On Tuesday, Jezebel published a report detailing several lawsuits filed against Peters (which were largely settled out of court). Warner Bros., the movie’s distributor, then distanced itself from Peters in a statement released to Variety that read: “Jon Peters’ attachment to this property goes as far back as 1976. Legally, we had to honor the contractual obligation in order to make this film.” (Peters previously produced 1976 remake of the film, starring Barbra Streisand and Kris Kristofferson.)
The Producers Guild of America, additionally, confirmed that Peters had not received a P.G.A. mark on the film, which is reserved for the producers with heavy involvement in the making of a film (a useful distinguishing tool, as those credited as producers on films can have a range of involvement on the movies, from being on set daily to never visiting set once). A Hollywood Reporter profile of Peters from 2017 seemed to indicate that he had a hands-on involvement in this movie, often through his own quotes. The piece, written by THR’s deputy film editor Tatiana Siegel, claimed “the chance to remake A Star Is Born… gradually drew him back into the business,” and went as far to contrast his self-reported experience of being banned from the set of 2013’s Man of Steel (on which he was listed as an executive producer) and raking in tens of millions of dollars. “…His days of being paid tens of millions to stay away from a movie probably are in the past,” reads Siegel’s copy. Additionally, the film’s trailer labels this A Star Is Born as, “A Jon Peters/Bill Gerber/Joint Effort Production.”
In an interview on NPR’s Morning Edition, posted Friday, co-host Rachel Martin asked Cooper, “I have to ask you, one of the producers on the film is a man named Jon Peters. He’s been sued multiple times for sexual harassment. The Producers Guild of America announced recently he would no longer be recognized as a producer on his film. [Note: Per Warner Bros., Peters will remain credited as a producer, just not a P.G.A.-certified producer.] But I wonder as a first-time director, did you think, ‘What kind of a culture am I setting here? I’m the boss. I’m the director.’?”
“It’s so true,” Cooper responded. “It’s a great question.” (Note: Cooper did not respond to Jezebel’s request for comment earlier this week, nor did his co-star Lady Gaga, Warner Bros., or Peters).
Cooper went on to say that Peters was credited as producer because of the “grandfather clause of the movie” and said that Peters was not on set.
Cooper’s full quote reads:
With this property, there are many writers that come before — if you see the end credits, it’s like, there’s 10 writers.

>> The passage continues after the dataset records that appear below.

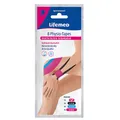 8 Physio-Tapes pink, blau, schwarz Knie- und Handgelenk 4 Größen - für eine optimale Elastizität und Bewegungsfreiheit, 2er Pack (2 x 1 Stück)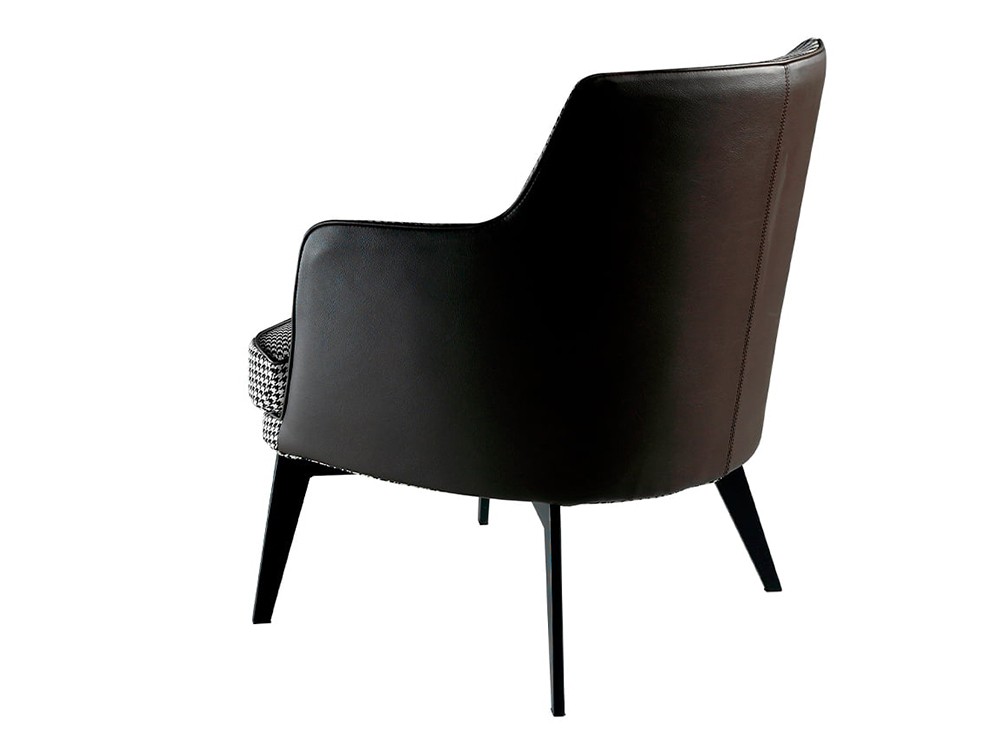 Butaca en tapizado pata de gallo Ángel Cerdá 5011 - 1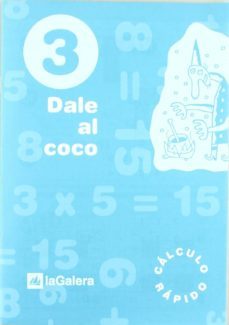 dale al coco 3. calculo rapido-9788424601751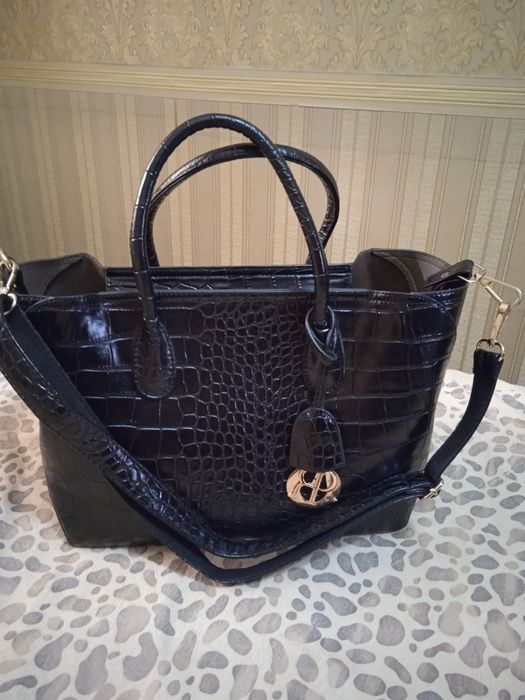 Деловая сумка трансформер. Шоппер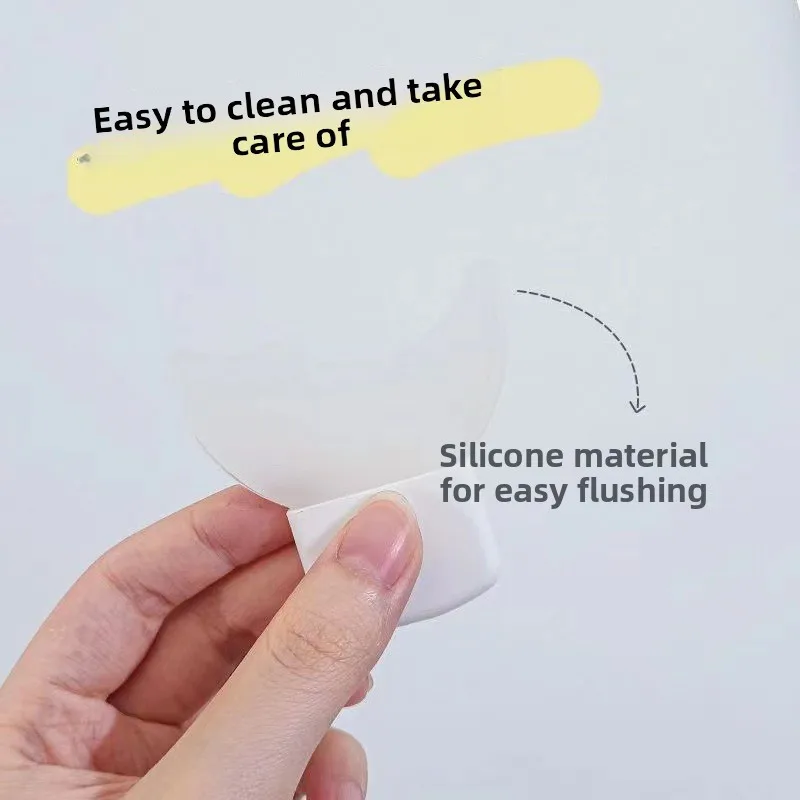 Multi Functional Eye Makeup Silicone Baffle Crescent Shaped Eyelash Brush Eyeliner Shadow Auxiliary Artifact Eyeliner Stencil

And [Jon Peters] was part of the, I guess, the grandfather clause of the movie, and we had to get his consent in order to make the movie. When you’re at the helm, it’s a huge responsibility. And I guess — I mean, first of all, on the set … you have to create an environment where everybody feels safe. Everybody. And there’s no room for disrespect, nothing. And that’s something that you’d have to ask everybody who was involved, but I feel like that’s the environment I created. Luckily, Jon wasn’t there. And if I had known all those things, I would have done it differently. And I guess it’s … I wanted to make the movie, I knew I had to get consent from him, otherwise there’s no film. But I should have checked. I guess that’s the thing.
He’s right, that’s the thing. Because the fact stands that unless Peters was feeling particularly philanthropic the day he granted his permission as rights holder for this film to be made, he stands to profit from it, whether it was via an up-front deal or will come by way of residuals, as his supposedly astronomical profits from the last two Superman movies did (“He says he took home $80 million to $85 million combined for 2006’s Superman Returns and Zack Snyder’s Man of Steel,” said The Hollywood Reporter). For putting more money in Peters’s pocket, A Star is Born is then, at the very least, a case study in the tenaciously sticky residue that Hollywood’s traditionally harassment-permissive culture has left as it attempts to adopt, promote, and exhibit the principles of #MeToo and #TimesUp.